• Data shown:

-*-*-

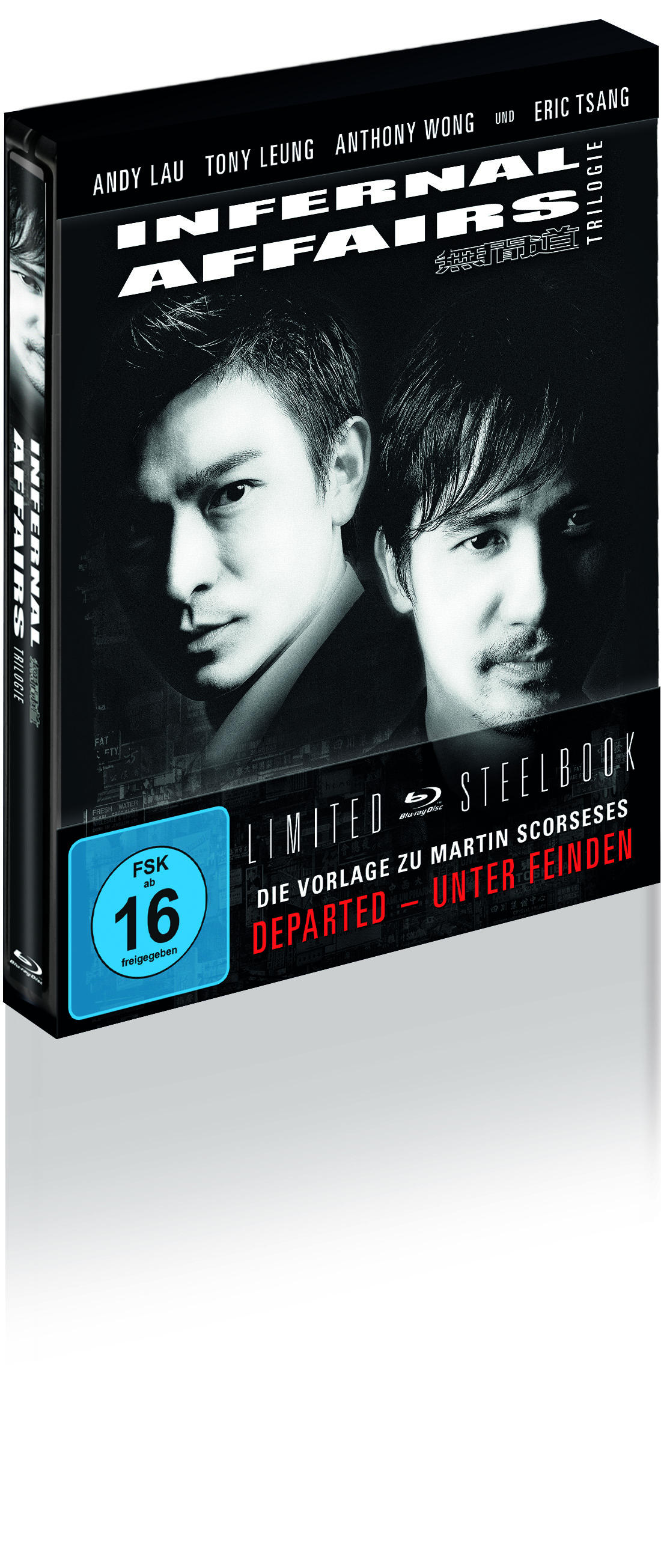 Filmcover mit zwei Männern in Schwarzweiß. Text oben und ein blaues Etikett.
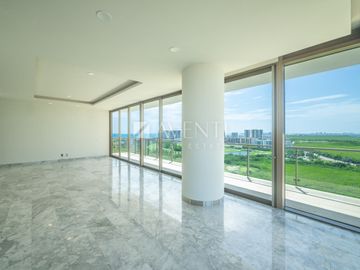 Departamento en Venta en Be Towers Condos en Puerto Cancún, Quintana Roo.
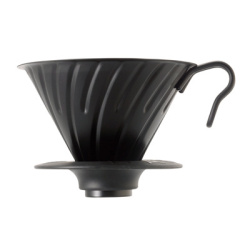 Ocelový dripper Hario V60-02 v matné černé barvě Ocelový dripper Hario V60-02 v matné černé barvě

-*-*-

Would you copy all of the data exactly? Keep the pictures out of it.

• Response to the task:
 Filmcover mit zwei Männern in Schwarzweiß. Text oben und ein blaues Etikett.
 Departamento en Venta en Be Towers Condos en Puerto Cancún, Quintana Roo.
 Ocelový dripper Hario V60-02 v matné černé barvě Ocelový dripper Hario V60-02 v matné černé barvě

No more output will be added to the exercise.